• [DATA SUPPLIED]:
--------------------------------

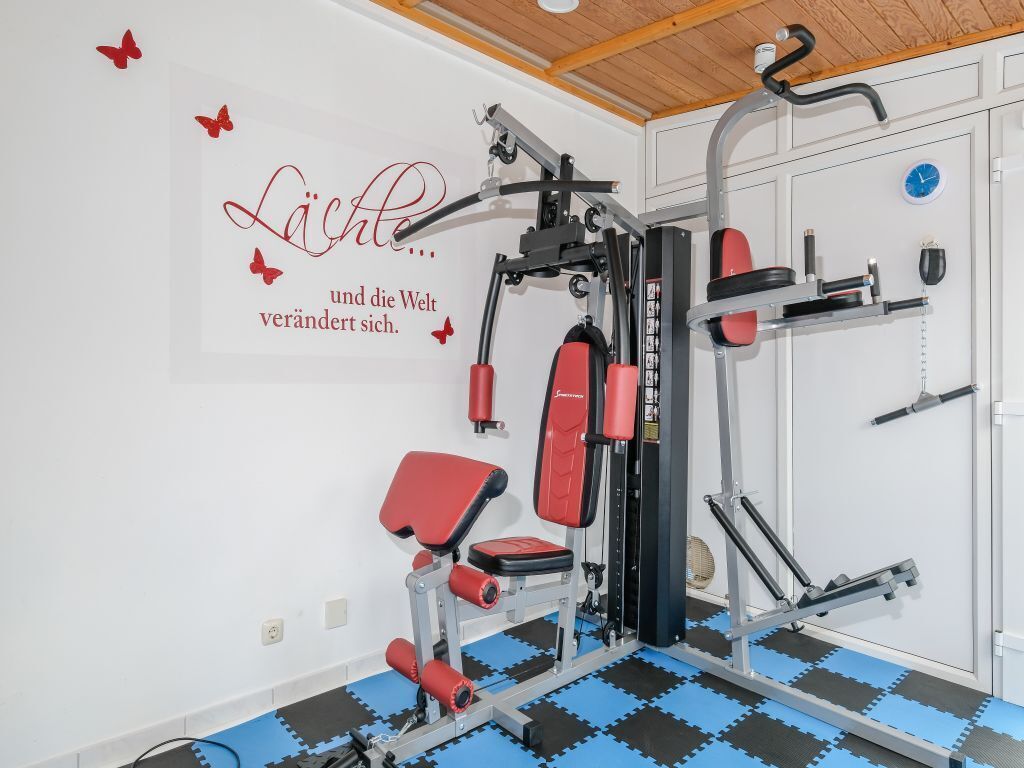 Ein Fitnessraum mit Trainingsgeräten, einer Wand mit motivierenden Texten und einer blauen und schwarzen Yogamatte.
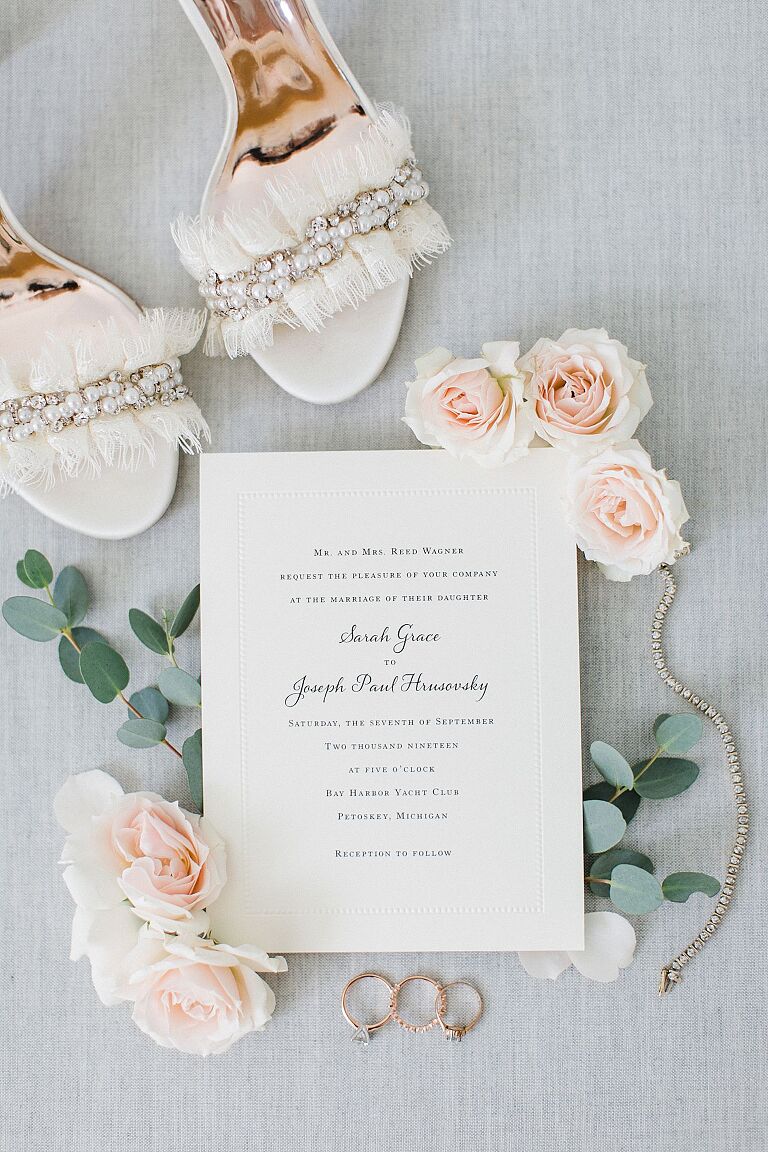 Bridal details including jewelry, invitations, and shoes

--------------------------------

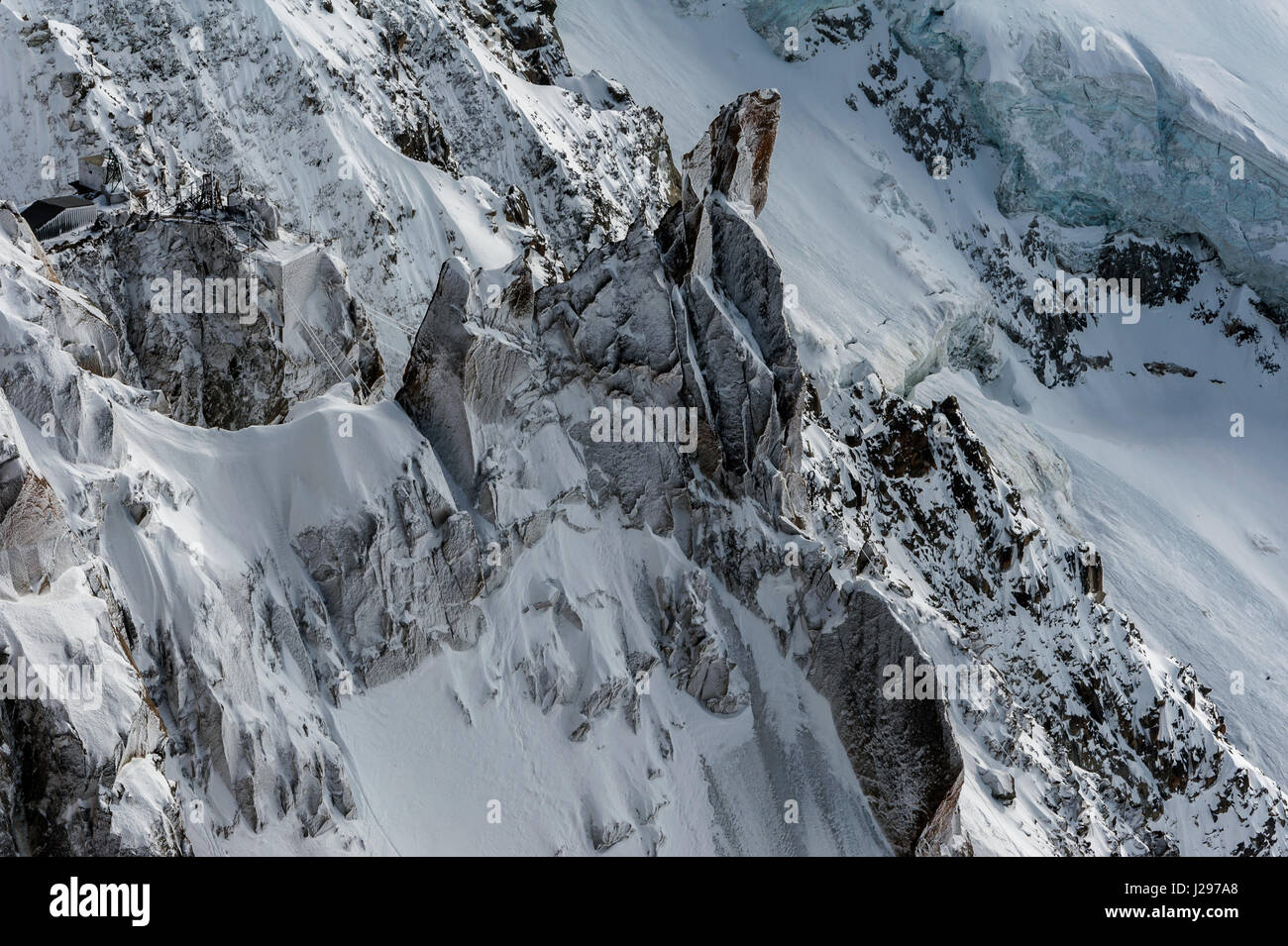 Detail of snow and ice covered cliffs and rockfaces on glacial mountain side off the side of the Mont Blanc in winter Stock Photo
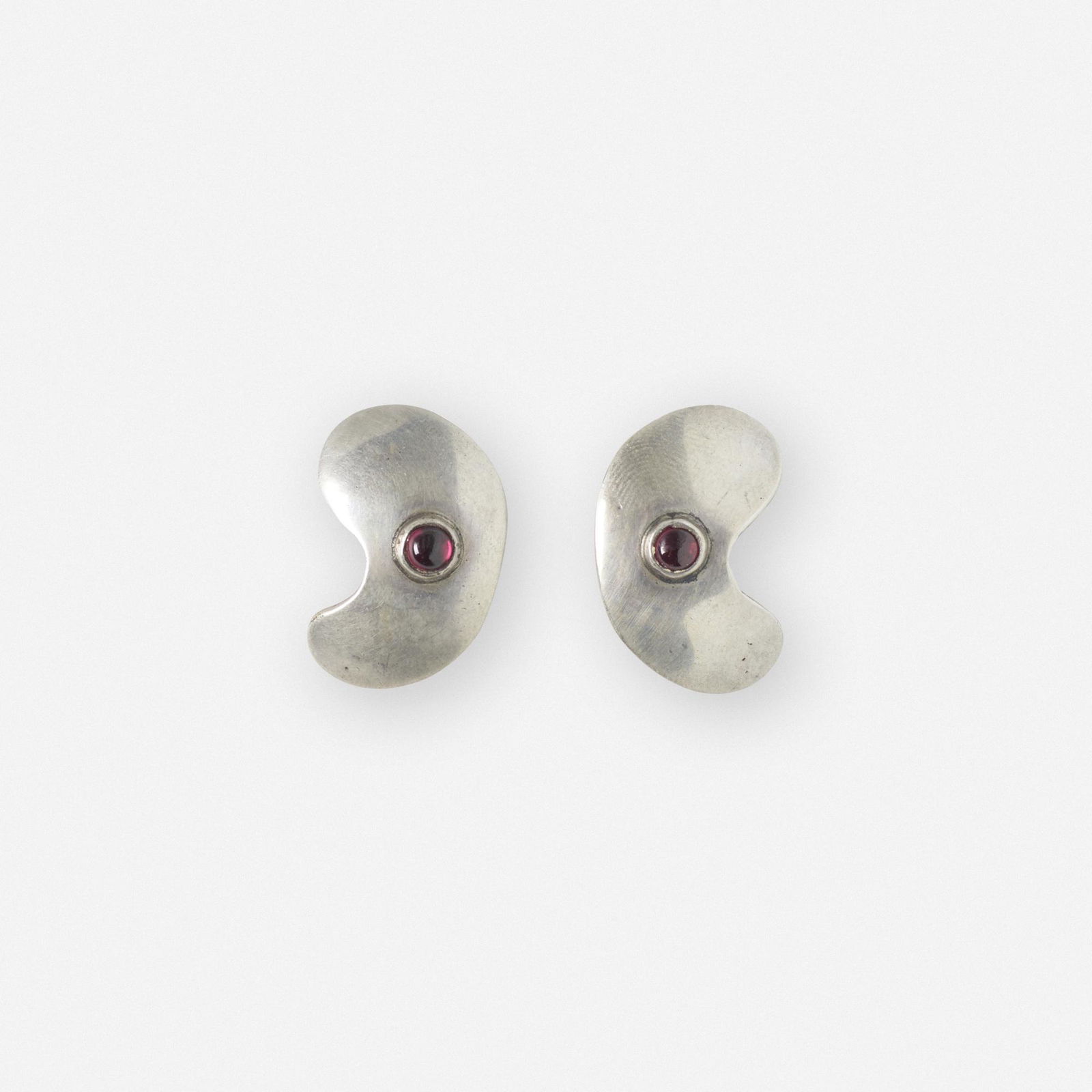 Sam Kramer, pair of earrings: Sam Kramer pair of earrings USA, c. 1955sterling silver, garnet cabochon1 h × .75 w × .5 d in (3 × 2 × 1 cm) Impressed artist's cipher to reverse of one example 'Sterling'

--------------------------------

• [WHAT THIS TASK INVOLVES]:
Starting at the line above that has "Ein Fitnessraum mit" and ending at the line that has "Bridal details including", copy each line exactly, leaving the pictures out and adding nothing.

• [RESPONSE TO THE TASK]:
 Ein Fitnessraum mit Trainingsgeräten, einer Wand mit motivierenden Texten und einer blauen und schwarzen Yogamatte.
 Bridal details including jewelry, invitations, and shoes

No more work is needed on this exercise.